Tuesday, 28 January 2020

Exhibition review: Japan Supernatural, Art Gallery of NSW

What a fantastic exhibition this is, one that brings together pieces from a range of different places including galleries in Australia (AGNSW, NGV), the National Library, and a gallery in Minneapolis, among others.

The show runs for a while (2 Nov 2019 to 8 March 2020) so there is still plenty of time to go and see it yet. Attendance when I went – mid-afternoon on a January weekday – was solid and if these numbers are repeated across the entire period you’d have to say that it has brought dividends to the gallery that put the show on.

The catalogue contains a lot of useful information, so I would recommend buying it if you can. A good preface by Mami Kataoka provides a guide to the influence of Buddhism on Japan, especially as it relates to traditional Shinto practices. Kataoka contrasts the “old Shinto” practice of revering living things with the practice, once Buddhism entered the archipelago in the 7th century, of revering also such things as rivers and trees.

For the Japanese the link between the physical world and the supernatural is special and, while the Japanese are determinedly secular in their outlook they are also notably superstitious. The real-supernatural dichotomy is evident in such cultural products as the movies of Hayao Miyazaki, the animation master, and the novels of Haruki Murakami (in his latest novel, which I reviewed here about a year ago, there is a special place in the narrative for a Subaru Forester car).  This focus on the physical world, despite the apparently magical influence of spirits or ghosts, is something different about Japanese culture though, I suspect, the same ideas are present in Chinese culture as well (“zen Buddhism” means, after all, “Chinese Buddhism”).

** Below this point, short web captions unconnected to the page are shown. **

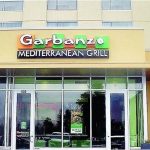 Garbanzo Mediterranean Grill Survey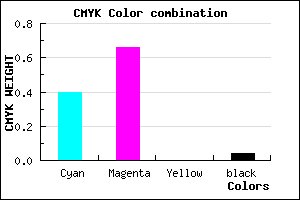 #9353F5 color CMYK mixer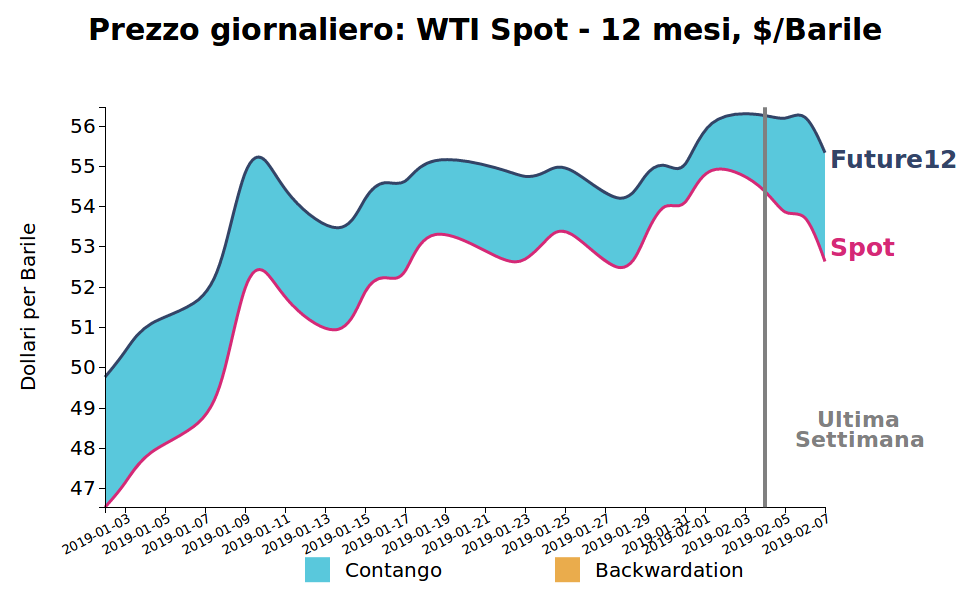 Prezzo giornaliero del petrolio WTI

There is so much good stuff in this exhibition and you will want to go back to see the items viewed on the day of your visit, so do buy the catalogue. The reproductions are very high-quality and the essays are solid and illuminating.

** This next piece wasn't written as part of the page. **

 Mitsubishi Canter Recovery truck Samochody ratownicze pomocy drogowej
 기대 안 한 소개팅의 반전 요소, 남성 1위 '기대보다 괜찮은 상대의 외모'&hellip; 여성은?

In the catalogue I couldn’t find the reference for the painting where the detail above comes from, but this is a mother and child.

Above and below: Details from Itoya Hiroharu’s ‘Night Procession of the Hundred Demons’, c1860.

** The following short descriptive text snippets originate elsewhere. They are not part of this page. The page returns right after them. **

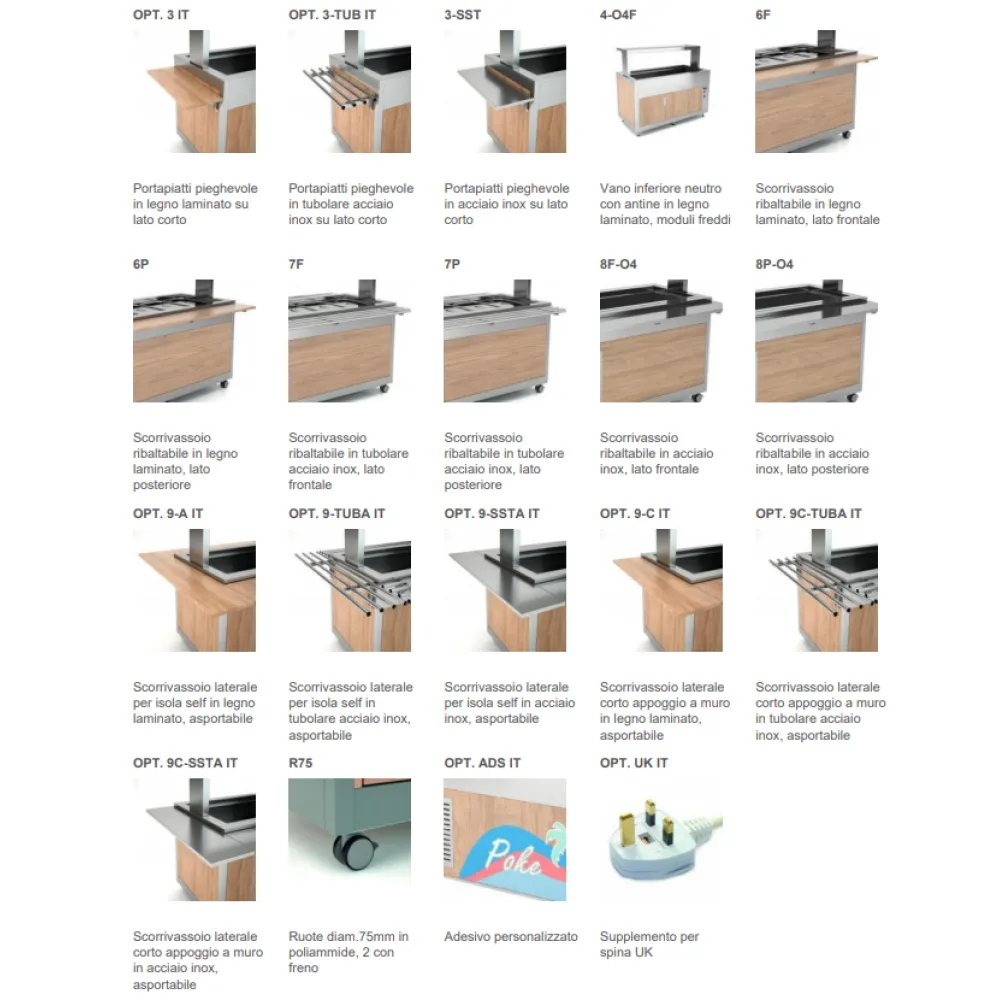 Холодильная витрина OMNIA с вентилятором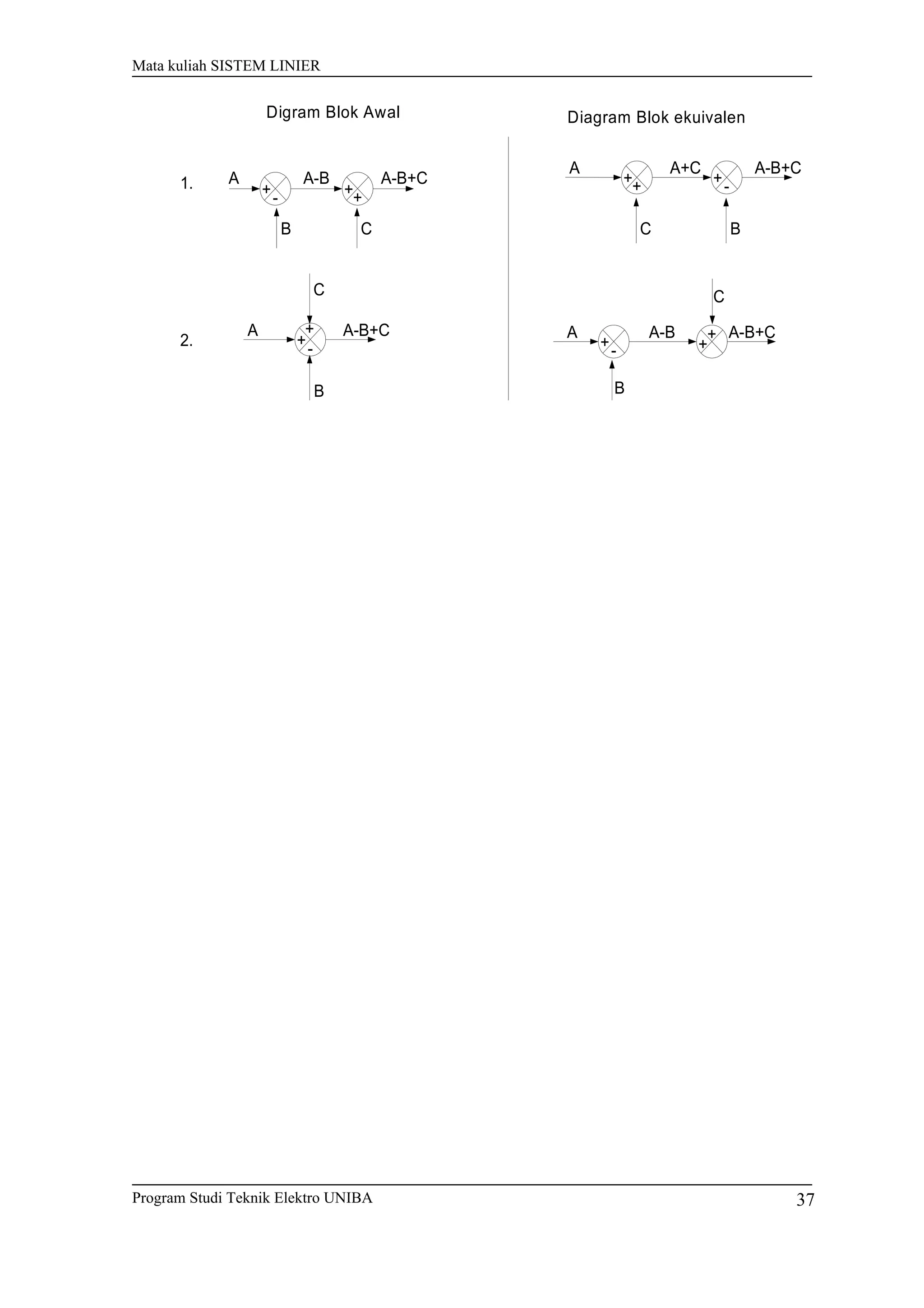 Mata kuliah SISTEM LINIER
Digram Blok Awal Diagram Blok ekuivalen
+- ++
A A-B
B C
A-B+C ++ +-
A A+C
C
A-B+C
B
+-
+
C
A A-B+C
B
+
++-
A
B
A-B
C
A-B+C
1.
2.
Program Studi Teknik Elektro UNIBA 37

Above: Detail from Tsukiyoka Yoshitoshi’s ‘Miyamoto Musashi and the Exorcism of the Evil Fox of Princess Osakabe’, 1863.

Above: Detail from Takashi Murakami’s ‘In the Land of the Dead, Stepping on the Tail of a Rainbow’, 2014.

Above: Takashi Murakami, ‘The Embodiment of “Um”’, 2014.

In addition to the items shown here, for me a standout part of the show was the photos of Miwa Yanagi. The ‘Fairy Tale’ series she made in 2004 is just outstanding.